To start using the library, pick a transformer architecture, such as bert-base-uncased, from the Hugging Face model hub. Then, execute the code below to download its tokenizer and model.
Data pre-processing with tokenizers
The tokenizer performs several pre-processing steps. First, it splits text into tokens and maps tokens to the model’s vocabulary. BERT’s vocabulary consists of 30,522 entries of words, pieces of words, numbers, punctuation and symbols. The model also contains special tokens that capture information such as the start of an observation ([CLS]) and the separation of sequences ([SEP]).
If a token does not exist within BERT’s vocabulary, such as the token “Databricks”, it is split into pieces to make a match.
Tokenizers also perform truncation and padding of input sequences. Each model has a maximum accepted tokenized sequence length. In the case of BERT and many other models, that length is 512 tokens. When tokenizing an input text, all resulting tokens generated after the first 512 will be dropped, or ‘truncated’.
Additionally, token sequences will be ‘padded’. Transformer models are trained on batches of data rather than the entire training data set at once. Each batch must be of the same length, though the length of text observations can vary widely. Some tokenized sequences may be much longer than 512 elements, others may be much shorter. Padding adds zeros to the tokenized sequences when necessary to create uniform lengths. This zero value represents the token id for another special token in BERT’s vocabulary, [PAD].

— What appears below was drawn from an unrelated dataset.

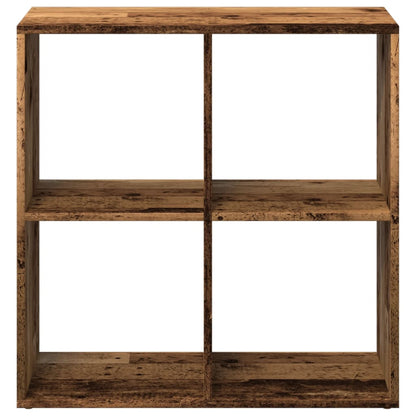 Room Divider Bookcase Old Wood 69,5x29x69,5 cm Engineered Wood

A tokenizer’s truncation and padding behavior are configurable and there are various strategies that can be tested and compared. Truncating to shorter lengths speed’s training time; though if longer sequences are common, the loss of information could hinder predictive performance. Consider dynamic padding as a good, general strategy—this technique pads sequences during model training rather than tokenization. Since the only requirement is that records within a batch are of the same length, dynamic padding pads each batch to the length of the longest sequence in the batch, keeping the number of padded tokens to a minimum.
Classifying text using word embeddings
The tokenized text can be passed directly to the model to generate word embeddings, with one embedding for each input token, including the special tokens. These embeddings can then be used for a variety of natural language processing tasks.
For text classification, for example, it is common to use only the embedding associated with each observation's special [CLS] token. That embedding can be passed to a feed-forward neural network that classifies the text into a set of user-defined categories. The transformers library implements this architecture out of the box through its AutoModelForSequenceClassification class. This class allows the user to pass a transformer model name and a ‘classification head’ will be attached to the end of the model’s neural network layers. Simply specify the number of labels to classify. As an example, the banking77 dataset available on the Hugging Face data hub contains banking-related questions classified into 77 intents. Therefore, the model’s num_labels parameter is set to 77.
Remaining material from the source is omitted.